KRL Solo Yogya Diluncurkan, Bagaimana Nasib Prameks?

Seperti yang telah diberitakan sebelumnya, PT Kereta Api Indonesia (persero) melalui PT Kereta Commuter Indonesia (KCI) akan melakukan uji coba terbatas pengoperasian KRL Yogya-Solo.

Setelah beroperasinya KRL Solo-Jogja tersebut, bagaimana nasib kereta legendaris KA Prameks?

Untuk informasi, KA Prameks akan tetap beroperasi meski perannya digantikan KRL Solo Yogya.

Wawan Ariyanto -Direktur Operasi dan Pemasaran PT Kereta Commuter Indonesia (KCI)- menyebut bahwa KA Prameks bakal melayani rute diluar KRL Solo Yogya.

Pada hari Kamis (21/1/2021) lalu, Wawan mengatakan, “Prameks akan kita jalankan terusannya KRL Solo Yogya, kalau KRL berhenti di stasiun akhir Yogyakarta nanti Prameks melayani Yogyakarta Kutoarjo”.

Seperti yang diketahui, KRL Solo Yogya nantinya akan melayani 11 stasiun keberangkatan maupun pemberhentian.

Dari daftar 11 stasiun tersebut yakni Solo Balapan, Purwosari, Gawok, Delanggu, Ceper, Klaten, Srowot, Prambanan, Maguwo, Lempuyangan dan Yogyakarta.

Wawan menambahkan, “Jika selama ini biasanya ke Kutoarjo bisa langsung, dengan kehadiran KRL Solo Yogya akan kita bagi”.

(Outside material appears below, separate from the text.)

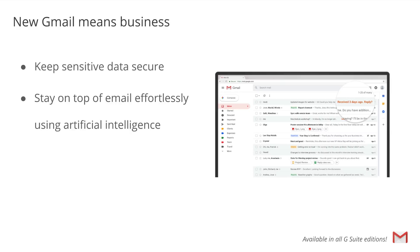Most of us get more emails than we can deal with at one time, and sometimes things slip through the cracks. With nudging, Gmail will proactively remind you to follow up or respond to messages, making sure you don't drop the ball.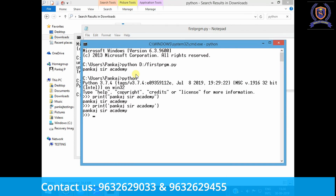Python uses an interpreter — the moment you write every line of code, it executes it immediately because an interpreter executes code line by line. So the moment I write 'print Pankaj Sir Academy' and hit Enter, it executes and gives the output. Not only that, computations are also easy — for example, just type '5 + 5' and hit Enter to add two numbers. That's why Python's syntax resembles the English language a lot.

“Solo Yogya kita layani pakai KRL dan selanjutnya menggunakan KA Prameks,” sambungnya.

Nantinya dalam sehari, KRL Solo Yogya sendiri rencananya akan melayani sebanyak 10 jadwal keberangkatan.

“Sementara kita seperti rute KA Prameks, dengan 10 keberangkatan atau 20 perjalanan pulang pergi,” kata Wawan.

Pihaknya juga menjelaskan bahwa KRL Solo Yogya menyediakan 10 rangkaian kereta atau trainset.

Dalam 1 gerbong sendiri berkapasitas 200 penumpang, namun lantaran pandemi Covid-19 jumlahnya dibatasi hanya menjadi 70 penumpang.

Tak menutup kemungkinan untuk menambah gerbong jika sewaktu waktu antusias masyarakat begitu tinggi.